She rolled over, using his arm as a pillow, and gazed up into his face.  Her eyes were glowing, her lips curved in a soft, teasing smile.  "Is that not your name?"

"I do not recall your ever having used it before."

"No."

She didn't need to tell him that she'd never before used it because to do so would be to discard yet another barrier she'd insisted on keeping between them; to use it would be to embrace an intimacy she was not ready to allow; to use it would be to imply friendship and trust when there was none —

But she had used it now.

He reached out and ran his fingers over the line of her jaw.  "Say it again, Eva.  I like the sound of my name on your lips."

"Lucien."

He couldn't help his spreading grin, couldn't help the sweet, all-consuming ache that threatened to overwhelm him.  Just the sound of his Christian name on her soft, sultry voice was enough to stir him back to arousal.  He stretched out beside her, his arm still under her head, and ran his fingers through a thick skein of her hair.  "You are making a mess of my heart," he murmured.

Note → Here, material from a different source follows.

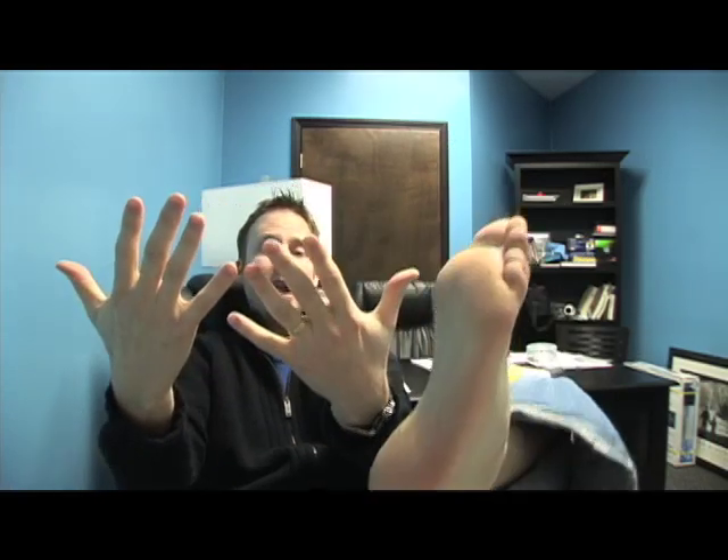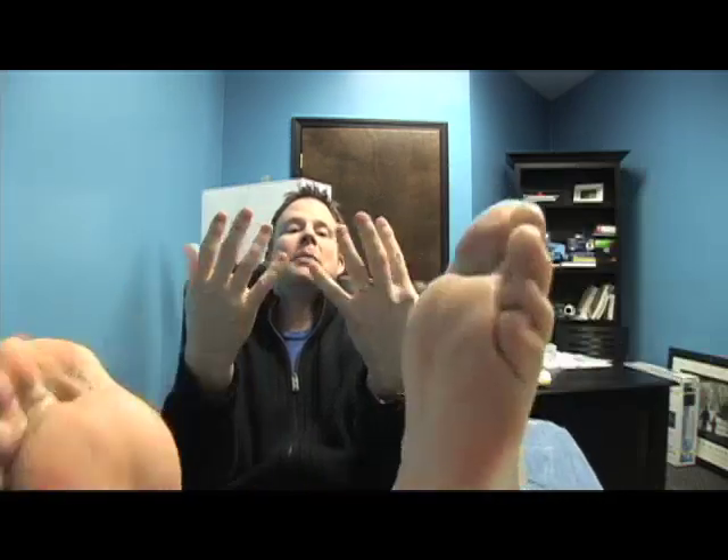I check my blood sugar about 16 times a day, and here is why. I have to check it when I wake up and when I go to bed — that's two. Before and after every meal — that's another six. My meter reminds me every hour and a half to check again — another seven. And if I've exercised that day I need to check it before, after, and during exercise.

"Well, Duke, if that's all it takes, maybe you'll be easier to handle than I'd previously thought."

"You think so, do you?"

"Don't forget, I, too, like challenges."

They lay together, mutually enjoying this newfound peace, this lack of enmity and distrust.  For once, the beautiful slanting eyes that gazed up into Lucien's were not narrowed or flashing fire, but glowing with something that looked like hope.  The sensuous mouth was not twisted with contempt, but smiling almost girlishly.  He sighed as her small white hand — a hand that could fell a man twice her size with one blow, a hand that was as strong as it was feminine — came up to trace the bones of his face, the point of his cheek, the noble, sloping, nearly unbroken line of his profile.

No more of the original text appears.